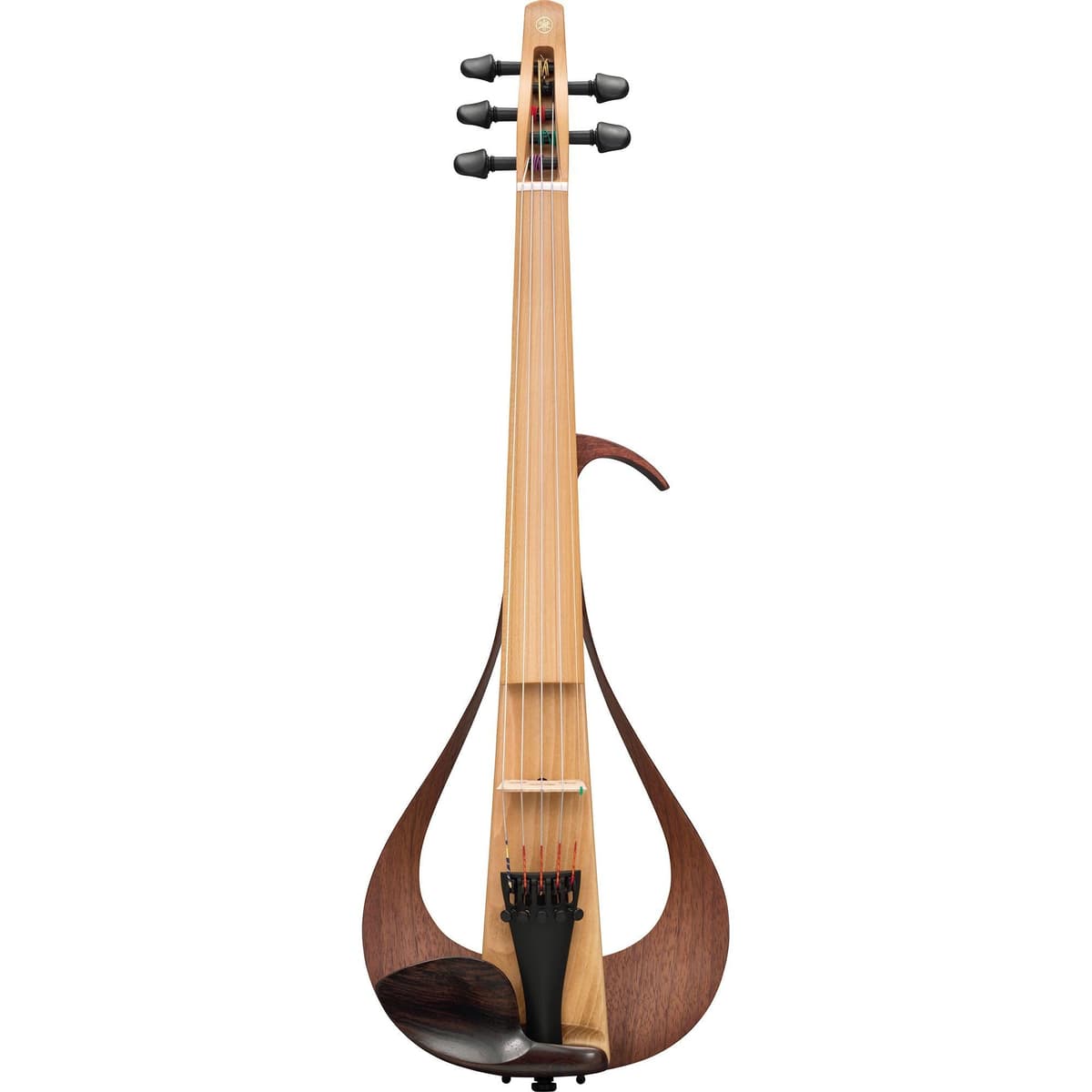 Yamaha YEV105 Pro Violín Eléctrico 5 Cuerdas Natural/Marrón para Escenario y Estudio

---

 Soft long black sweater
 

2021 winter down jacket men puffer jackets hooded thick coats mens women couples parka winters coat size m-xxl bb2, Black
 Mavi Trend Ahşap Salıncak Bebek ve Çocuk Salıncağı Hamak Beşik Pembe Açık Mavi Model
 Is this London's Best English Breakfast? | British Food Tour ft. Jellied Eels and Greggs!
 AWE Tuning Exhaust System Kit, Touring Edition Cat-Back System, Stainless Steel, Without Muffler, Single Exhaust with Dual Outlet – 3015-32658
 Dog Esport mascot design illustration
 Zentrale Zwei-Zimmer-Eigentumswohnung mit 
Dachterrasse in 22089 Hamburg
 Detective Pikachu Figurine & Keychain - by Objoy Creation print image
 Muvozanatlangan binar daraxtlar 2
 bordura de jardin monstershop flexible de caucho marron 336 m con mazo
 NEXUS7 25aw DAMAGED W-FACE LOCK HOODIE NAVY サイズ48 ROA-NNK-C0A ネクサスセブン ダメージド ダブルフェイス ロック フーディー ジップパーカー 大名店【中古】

- Problem to solve -
Repeat word for word the lines above that run from the line containing "Soft long black sweater" through the line containing "bordura de jardin", both ends included, and nothing else.

- Written answer -
 Soft long black sweater
 

2021 winter down jacket men puffer jackets hooded thick coats mens women couples parka winters coat size m-xxl bb2, Black
 Mavi Trend Ahşap Salıncak Bebek ve Çocuk Salıncağı Hamak Beşik Pembe Açık Mavi Model
 Is this London's Best English Breakfast? | British Food Tour ft. Jellied Eels and Greggs!
 AWE Tuning Exhaust System Kit, Touring Edition Cat-Back System, Stainless Steel, Without Muffler, Single Exhaust with Dual Outlet – 3015-32658
 Dog Esport mascot design illustration
 Zentrale Zwei-Zimmer-Eigentumswohnung mit 
Dachterrasse in 22089 Hamburg
 Detective Pikachu Figurine & Keychain - by Objoy Creation print image
 Muvozanatlangan binar daraxtlar 2
 bordura de jardin monstershop flexible de caucho marron 336 m con mazo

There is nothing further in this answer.